Bouteflika names his new government
Algiers - Algerian President Abdelaziz Bouteflika appointed a new government on Monday, retaining Abdelaziz Belkhadem as prime minister and Chakib Khelil in the key energy portfolio, state television reported.
The most prominent change in a cabinet line-up with few surprises was the appointment of former finance minister Mourad Medelci as foreign minister and his replacement at finance by comparatively young central banker and technocrat Karim Djoudi.
The most widely watched Algerian portfolio overseas tends to be that of energy and mines in view of Algeria's growing importance as an oil and gas supplier to Europe and other markets around the world.
Khelil, 67, a former World Bank official, is an articulate spokesperson for Algeria inside the Opec club of oil exporting nations and an influential voice in the running of state energy giant Sonatrach, Africa's biggest company by revenue.
The appointment of a new government is traditional after parliamentary elections. Algeria's ruling coalition, led by Belkhadem's National Liberation Front (FLN), won a reduced majority on a low turnout in May 17 polls.
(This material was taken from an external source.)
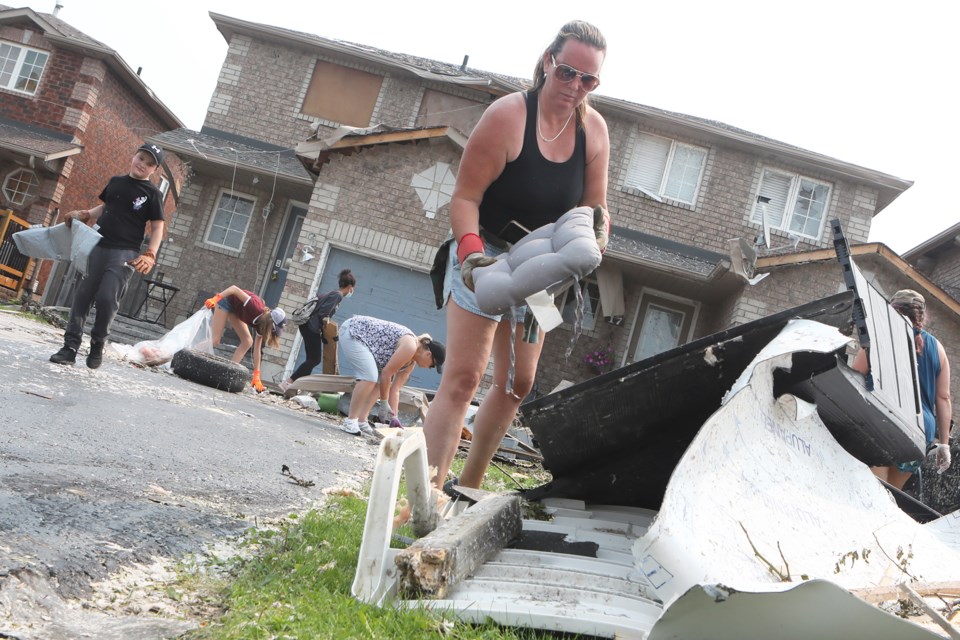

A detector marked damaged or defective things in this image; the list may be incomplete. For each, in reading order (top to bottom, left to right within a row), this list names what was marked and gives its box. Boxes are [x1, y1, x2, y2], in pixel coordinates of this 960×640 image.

broken wood plank [394, 496, 520, 600]
broken fence board [394, 496, 520, 600]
The vote was the third assembly election since an Islamist revolt erupted after the cancellation of polls in 1992 which a now-outlawed Muslim fundamentalist party was poised to win. Up to 200 000 people have been killed in violence since then.
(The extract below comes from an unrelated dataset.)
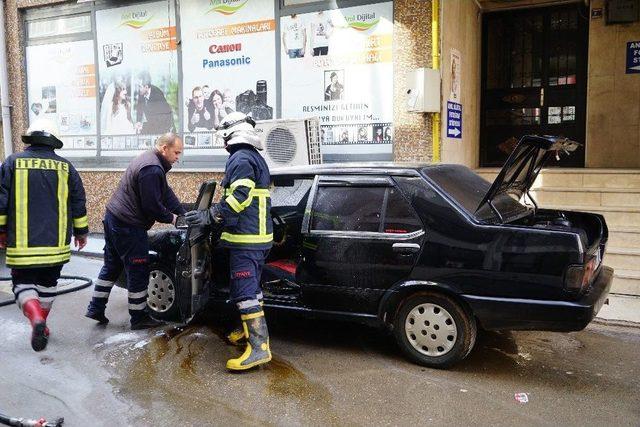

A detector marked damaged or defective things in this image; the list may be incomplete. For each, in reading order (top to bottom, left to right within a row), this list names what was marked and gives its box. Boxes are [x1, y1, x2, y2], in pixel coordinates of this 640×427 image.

burned car [142, 136, 612, 368]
The fighting has reduced dramatically in recent years, but sputters on.
A triple bombing claimed by al-Qaeda killed 33 people in Algiers on April 11. One police officer was killed when two small bombs exploded in the eastern city of Constantine on Wednesday.
The presidency is the most powerful office of state with the premier playing the role of coordinator between the executive and the legislative. Many in the north African country regard parliament as a weak institution.
A Bouteflika loyalist, Belkhadem, 61, is a moderate Islamist who says social stability is more important than economic growth and that his priority is to amend the constitution and raise salaries.
Belkhadem has proposed extending the length of the presidential mandate from five to seven years and abrogating a two-term limit. He has declared the constitution cumbersome and ill-adapted to the needs of a society emerging from an armed Islamic insurrection.